Una tappa carica di significati, vissuta tra entusiasmo, partecipazione e messaggi forti, quelli che solo i grandi eventi sanno portare con sé. Ai nostri microfoni il vice sindaco di Lecce, Roberto Giordano Anguilla, don Gianni Coluccia, da anni in prima linea contro le mafie e per la legalità, e Fefè De Giorgi, commissario tecnico della Nazionale italiana di pallavolo e orgoglio salentino. A rimarcare il peso della tappa leccese è stato il vicesindaco sindaco Roberto Giordano Anguilla: “un onore e un privilegio per noi essere presenti, accompagnando il piacere di poter essere cornice di un evento così importante, perché Lecce sa essere una cornice straordinaria. Ringraziamo ovviamente gli organizzatori e gli sponsor che hanno consentito tutto questo: sono stati allestiti stand, un palco con musica e una grande partecipazione della cittadinanza. Sottolineiamo soprattutto il fatto che siamo protagonisti di un evento che, con la testimonianza del valore della fiamma, cerca di riportare non solo la città ma tutta l’opinione pubblica su un piano di pace, di serenità e di unione, andando oltre le barriere”.

La torcia olimpica è un grande messaggio di pace e soprattutto anche di amore per tutta l’umanità, per tutto il mondo intero, perché lo sport è soprattutto un linguaggio universale che accomuna tutti i popoli nel segno del rispetto, soprattutto della persona umana e anche dei territori, ha sottolineato don Gianni Coluccia: che possa arrivare nel cuore di tutti quanti noi e che questa fiamma possa riscaldare, in questo tempo delle feste natalizie”.

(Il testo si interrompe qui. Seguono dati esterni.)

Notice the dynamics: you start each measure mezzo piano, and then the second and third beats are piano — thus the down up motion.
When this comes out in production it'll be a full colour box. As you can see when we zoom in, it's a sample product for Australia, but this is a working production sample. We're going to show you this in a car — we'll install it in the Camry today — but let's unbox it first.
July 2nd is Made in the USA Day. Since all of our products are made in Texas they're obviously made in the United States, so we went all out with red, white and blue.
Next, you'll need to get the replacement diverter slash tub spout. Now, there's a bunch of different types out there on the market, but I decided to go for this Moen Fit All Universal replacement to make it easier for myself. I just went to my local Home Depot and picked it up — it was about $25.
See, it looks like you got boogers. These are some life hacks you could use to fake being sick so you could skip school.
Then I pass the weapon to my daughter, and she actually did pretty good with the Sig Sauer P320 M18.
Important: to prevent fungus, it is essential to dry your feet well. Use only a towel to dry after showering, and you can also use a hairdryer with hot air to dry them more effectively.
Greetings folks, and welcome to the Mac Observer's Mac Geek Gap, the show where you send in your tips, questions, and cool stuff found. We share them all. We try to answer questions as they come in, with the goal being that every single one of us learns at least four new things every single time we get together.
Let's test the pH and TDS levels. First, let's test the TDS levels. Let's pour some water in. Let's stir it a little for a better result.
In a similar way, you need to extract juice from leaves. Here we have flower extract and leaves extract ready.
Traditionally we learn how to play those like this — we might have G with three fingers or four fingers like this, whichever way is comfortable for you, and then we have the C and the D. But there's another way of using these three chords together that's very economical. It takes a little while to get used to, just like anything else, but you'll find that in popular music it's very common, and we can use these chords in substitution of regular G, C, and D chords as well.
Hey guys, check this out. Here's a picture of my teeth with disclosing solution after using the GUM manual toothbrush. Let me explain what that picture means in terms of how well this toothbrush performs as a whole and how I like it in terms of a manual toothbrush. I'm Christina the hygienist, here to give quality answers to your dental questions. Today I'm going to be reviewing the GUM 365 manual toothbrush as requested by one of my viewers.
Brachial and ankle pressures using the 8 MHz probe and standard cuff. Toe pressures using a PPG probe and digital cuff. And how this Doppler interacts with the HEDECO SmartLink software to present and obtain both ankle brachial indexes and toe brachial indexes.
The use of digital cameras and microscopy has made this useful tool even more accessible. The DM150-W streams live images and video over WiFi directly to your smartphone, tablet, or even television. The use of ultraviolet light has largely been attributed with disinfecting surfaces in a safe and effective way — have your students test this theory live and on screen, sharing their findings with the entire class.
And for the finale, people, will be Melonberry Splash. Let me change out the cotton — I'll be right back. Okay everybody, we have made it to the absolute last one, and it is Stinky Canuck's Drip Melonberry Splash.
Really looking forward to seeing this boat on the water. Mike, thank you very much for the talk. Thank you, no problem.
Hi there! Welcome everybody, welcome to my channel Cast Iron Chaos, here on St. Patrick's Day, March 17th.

Un messaggio condiviso da Fefè De Giorgi:” la torcia olimpica, regala anche l’aspetto di portare esempi importanti per i giovani, dove non ci sono scorciatoie. Lo sport è passione, ma è molta dedizione, molto sacrificio. Il talento non ti porta da solo ad arrivare in alto o a giocarti un’Olimpiade”.

Una città coinvolta, strade animate e tanta emozione: Lecce accoglie la fiamma olimpica trasformando il suo passaggio in un momento di condivisione e riflessione. La torcia prosegue il suo viaggio, ma lascia dietro di sé un segno profondo, fatto di valori, impegno e speranza.